BILLET DE LA PRÉSIDENTE
« Privacy Shield »

Un bouclier en papier selon les CNIL européennes !

Rappelez-vous ! En octobre dernier, je me félicitais de la décision de la Cour de justice de l'Union européenne d’invalider le Safe Harbour, au motif que les Etats-Unis n’offraient pas une protection suffisante des données personnelles par rapport à la législation en vigueur dans l’Union européenne. Depuis, la situation demeure floue avec plusieurs entreprises signataires de l’ancien Safe Harbour se trouvant dans l’illégalité dès lors qu’elles transfèrent des données collectées en Europe vers les Etats-Unis. Pour remédier à cette situation, les négociateurs des deux continents ont présenté le 29 février le « Privacy Shield », un nouveau projet d’accord censé répondre aux critiques de la Cour et garantir une équivalence de protection entre les deux continents.
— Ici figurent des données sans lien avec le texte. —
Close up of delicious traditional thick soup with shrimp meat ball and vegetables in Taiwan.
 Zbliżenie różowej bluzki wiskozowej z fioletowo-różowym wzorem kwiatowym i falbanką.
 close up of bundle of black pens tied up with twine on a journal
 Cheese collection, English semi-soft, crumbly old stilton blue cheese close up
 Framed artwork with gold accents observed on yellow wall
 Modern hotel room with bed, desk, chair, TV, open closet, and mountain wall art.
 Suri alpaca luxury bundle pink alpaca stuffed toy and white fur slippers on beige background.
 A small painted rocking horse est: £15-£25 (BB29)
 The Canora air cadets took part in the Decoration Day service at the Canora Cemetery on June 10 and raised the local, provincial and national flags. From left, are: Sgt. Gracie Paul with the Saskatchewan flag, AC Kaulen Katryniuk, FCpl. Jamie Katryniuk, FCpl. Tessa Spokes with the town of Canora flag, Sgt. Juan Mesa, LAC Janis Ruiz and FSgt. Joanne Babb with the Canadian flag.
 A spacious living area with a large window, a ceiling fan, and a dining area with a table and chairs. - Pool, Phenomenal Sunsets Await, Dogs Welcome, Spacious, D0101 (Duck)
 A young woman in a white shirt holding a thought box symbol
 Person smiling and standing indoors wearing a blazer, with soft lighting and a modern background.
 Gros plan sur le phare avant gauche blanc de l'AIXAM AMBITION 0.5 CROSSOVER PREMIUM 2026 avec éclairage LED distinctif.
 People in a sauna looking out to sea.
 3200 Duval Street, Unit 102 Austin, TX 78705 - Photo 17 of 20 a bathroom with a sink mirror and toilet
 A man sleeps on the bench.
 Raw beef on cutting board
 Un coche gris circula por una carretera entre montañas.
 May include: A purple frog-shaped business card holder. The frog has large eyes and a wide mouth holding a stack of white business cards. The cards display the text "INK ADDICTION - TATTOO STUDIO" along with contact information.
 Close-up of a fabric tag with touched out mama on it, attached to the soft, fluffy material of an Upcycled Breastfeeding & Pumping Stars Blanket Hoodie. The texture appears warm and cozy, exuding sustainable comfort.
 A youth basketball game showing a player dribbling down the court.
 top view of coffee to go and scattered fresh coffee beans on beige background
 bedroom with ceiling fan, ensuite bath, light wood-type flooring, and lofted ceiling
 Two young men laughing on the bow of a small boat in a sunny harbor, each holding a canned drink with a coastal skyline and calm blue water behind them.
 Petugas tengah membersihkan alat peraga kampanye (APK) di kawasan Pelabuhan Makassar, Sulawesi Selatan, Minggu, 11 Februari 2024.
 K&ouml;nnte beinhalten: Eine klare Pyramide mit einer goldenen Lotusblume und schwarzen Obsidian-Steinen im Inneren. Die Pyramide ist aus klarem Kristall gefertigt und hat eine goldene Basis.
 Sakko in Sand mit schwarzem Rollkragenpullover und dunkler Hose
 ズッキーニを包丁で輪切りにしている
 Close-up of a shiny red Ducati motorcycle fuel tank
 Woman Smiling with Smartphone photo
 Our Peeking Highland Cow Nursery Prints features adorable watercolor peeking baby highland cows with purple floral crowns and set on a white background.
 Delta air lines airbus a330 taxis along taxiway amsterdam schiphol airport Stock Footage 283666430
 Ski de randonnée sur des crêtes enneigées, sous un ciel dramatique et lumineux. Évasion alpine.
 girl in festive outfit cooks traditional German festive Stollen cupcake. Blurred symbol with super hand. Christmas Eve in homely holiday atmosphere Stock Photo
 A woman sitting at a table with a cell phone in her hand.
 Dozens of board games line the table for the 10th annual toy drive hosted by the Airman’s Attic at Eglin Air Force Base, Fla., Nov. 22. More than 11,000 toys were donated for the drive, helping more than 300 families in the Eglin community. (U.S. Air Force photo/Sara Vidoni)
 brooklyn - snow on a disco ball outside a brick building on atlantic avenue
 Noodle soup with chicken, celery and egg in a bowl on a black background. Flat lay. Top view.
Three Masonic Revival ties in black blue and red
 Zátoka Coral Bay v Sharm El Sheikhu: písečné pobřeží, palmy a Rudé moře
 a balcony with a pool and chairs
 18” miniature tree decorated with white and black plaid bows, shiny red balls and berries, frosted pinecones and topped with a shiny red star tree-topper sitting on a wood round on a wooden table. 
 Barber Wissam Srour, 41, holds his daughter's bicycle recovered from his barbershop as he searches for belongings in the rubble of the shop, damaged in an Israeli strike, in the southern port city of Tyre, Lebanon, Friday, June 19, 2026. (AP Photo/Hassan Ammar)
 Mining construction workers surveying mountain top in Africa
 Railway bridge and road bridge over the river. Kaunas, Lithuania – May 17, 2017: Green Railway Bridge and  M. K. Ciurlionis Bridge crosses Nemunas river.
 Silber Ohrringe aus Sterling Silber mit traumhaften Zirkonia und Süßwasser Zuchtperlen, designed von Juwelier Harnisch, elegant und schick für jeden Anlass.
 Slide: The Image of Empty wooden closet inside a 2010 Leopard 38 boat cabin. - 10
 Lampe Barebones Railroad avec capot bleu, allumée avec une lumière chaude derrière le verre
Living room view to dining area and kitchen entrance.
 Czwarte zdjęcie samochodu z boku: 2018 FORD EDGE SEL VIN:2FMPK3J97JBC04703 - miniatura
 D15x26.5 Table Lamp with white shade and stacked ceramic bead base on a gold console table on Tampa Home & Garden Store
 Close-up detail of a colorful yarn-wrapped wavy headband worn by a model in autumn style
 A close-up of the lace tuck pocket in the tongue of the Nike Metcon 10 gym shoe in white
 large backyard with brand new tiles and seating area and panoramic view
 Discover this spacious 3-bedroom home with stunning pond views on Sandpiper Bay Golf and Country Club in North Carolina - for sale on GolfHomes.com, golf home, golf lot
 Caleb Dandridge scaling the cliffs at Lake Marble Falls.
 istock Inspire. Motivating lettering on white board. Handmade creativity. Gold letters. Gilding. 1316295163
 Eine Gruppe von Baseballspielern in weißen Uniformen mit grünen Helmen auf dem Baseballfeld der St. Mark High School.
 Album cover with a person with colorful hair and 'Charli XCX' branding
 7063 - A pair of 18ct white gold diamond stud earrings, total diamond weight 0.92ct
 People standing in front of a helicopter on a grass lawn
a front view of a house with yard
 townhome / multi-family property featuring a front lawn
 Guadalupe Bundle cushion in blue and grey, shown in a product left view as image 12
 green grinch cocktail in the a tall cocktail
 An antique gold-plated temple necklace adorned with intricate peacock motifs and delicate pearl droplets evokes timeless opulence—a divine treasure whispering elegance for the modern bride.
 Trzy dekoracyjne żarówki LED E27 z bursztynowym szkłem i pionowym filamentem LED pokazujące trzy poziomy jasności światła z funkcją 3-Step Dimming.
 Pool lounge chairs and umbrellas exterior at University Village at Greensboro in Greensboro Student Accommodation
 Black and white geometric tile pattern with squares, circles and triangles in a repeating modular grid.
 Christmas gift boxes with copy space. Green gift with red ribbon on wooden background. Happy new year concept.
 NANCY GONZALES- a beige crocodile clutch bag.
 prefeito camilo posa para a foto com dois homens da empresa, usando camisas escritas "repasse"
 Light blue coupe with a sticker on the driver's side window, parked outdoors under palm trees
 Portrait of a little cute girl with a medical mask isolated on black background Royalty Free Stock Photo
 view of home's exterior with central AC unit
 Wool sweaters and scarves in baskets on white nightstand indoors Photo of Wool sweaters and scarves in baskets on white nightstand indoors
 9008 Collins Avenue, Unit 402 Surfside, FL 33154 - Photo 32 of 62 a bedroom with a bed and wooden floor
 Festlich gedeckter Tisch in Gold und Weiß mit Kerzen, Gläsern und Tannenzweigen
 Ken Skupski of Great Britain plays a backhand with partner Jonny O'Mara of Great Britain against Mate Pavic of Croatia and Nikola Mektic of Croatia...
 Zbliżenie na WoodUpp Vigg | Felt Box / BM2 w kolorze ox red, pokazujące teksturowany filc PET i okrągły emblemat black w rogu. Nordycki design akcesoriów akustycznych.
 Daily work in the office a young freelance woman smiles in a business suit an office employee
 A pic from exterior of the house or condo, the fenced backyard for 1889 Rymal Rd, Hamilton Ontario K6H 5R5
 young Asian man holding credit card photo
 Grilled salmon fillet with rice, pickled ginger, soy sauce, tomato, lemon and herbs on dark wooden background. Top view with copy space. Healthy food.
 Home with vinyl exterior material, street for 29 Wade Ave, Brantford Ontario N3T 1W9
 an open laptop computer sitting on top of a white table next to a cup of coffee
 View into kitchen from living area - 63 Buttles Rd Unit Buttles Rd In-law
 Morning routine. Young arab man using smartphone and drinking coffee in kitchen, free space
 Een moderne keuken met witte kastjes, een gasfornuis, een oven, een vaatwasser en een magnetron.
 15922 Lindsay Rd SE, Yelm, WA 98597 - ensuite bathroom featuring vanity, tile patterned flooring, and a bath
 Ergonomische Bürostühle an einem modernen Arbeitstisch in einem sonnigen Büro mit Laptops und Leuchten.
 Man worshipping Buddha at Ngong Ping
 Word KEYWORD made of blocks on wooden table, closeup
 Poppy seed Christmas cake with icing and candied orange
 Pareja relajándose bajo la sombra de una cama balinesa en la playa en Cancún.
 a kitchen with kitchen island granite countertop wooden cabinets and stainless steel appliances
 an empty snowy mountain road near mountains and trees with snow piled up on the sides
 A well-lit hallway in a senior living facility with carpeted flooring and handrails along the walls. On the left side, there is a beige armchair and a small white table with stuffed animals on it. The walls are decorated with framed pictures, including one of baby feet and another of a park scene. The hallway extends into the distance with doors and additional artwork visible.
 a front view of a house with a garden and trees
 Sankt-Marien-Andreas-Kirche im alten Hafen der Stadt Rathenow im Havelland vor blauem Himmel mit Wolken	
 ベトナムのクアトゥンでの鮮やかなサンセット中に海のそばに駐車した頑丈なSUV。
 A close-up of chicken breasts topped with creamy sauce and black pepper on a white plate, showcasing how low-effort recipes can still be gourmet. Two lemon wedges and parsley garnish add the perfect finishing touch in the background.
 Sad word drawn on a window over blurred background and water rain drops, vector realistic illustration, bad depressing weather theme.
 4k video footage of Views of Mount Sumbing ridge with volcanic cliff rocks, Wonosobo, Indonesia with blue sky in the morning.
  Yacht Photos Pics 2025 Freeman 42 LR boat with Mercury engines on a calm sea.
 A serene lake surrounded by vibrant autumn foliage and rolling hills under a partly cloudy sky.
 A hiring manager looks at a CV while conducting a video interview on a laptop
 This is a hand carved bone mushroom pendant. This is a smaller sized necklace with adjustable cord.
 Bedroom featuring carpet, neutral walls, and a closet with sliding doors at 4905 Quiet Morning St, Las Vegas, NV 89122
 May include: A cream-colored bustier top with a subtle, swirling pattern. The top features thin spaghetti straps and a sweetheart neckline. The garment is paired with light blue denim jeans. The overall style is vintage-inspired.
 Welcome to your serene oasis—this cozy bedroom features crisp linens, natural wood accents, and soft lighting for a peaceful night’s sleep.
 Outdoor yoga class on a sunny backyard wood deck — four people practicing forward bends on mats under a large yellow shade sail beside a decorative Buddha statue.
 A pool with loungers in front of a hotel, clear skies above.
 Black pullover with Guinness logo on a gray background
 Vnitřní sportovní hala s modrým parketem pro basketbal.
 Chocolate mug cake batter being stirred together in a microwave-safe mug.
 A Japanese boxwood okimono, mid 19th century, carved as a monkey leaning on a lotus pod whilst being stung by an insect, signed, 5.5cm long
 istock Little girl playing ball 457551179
Présenté en grande pompe par la Commission européenne, ce «bouclier de protection des données UE-États-Unis» (en français) m’a laissé quelque peu sur ma faim… Aurais-je crié victoire un peu trop vite… ? Je ne peux en tout cas que me ranger à l’avis des CNIL européennes, réunies au sein du groupe « G29 », rendu le 15 avril, qui exprime de « sérieuses préoccupations », malgré les quelques améliorations relevées. A titre d’exemple, le principe de finalité des données qui n’autorise la collecte d’une donnée que pour un usage délimité et légitime n’apparaît pas clairement dans le projet de décision, laissant encore beaucoup trop de place aux pratiques de collecte massive outre-Atlantique. De même, à ce stade, les mécanismes d’action en réparation semblent trop complexes pour que les consommateurs européens puissent pleinement bénéficier d’une protection efficiente aux Etats-Unis. Surtout, et alors que le nouveau règlement relatif aux données personnelles vient d’être adopté, aucune clause de révision n’est prévue, de sorte que l’accord demeure calqué sur des dispositions datant de… 1995. Autrement dit, ce bouclier souffre d’obsolescence programmée… pour 2018.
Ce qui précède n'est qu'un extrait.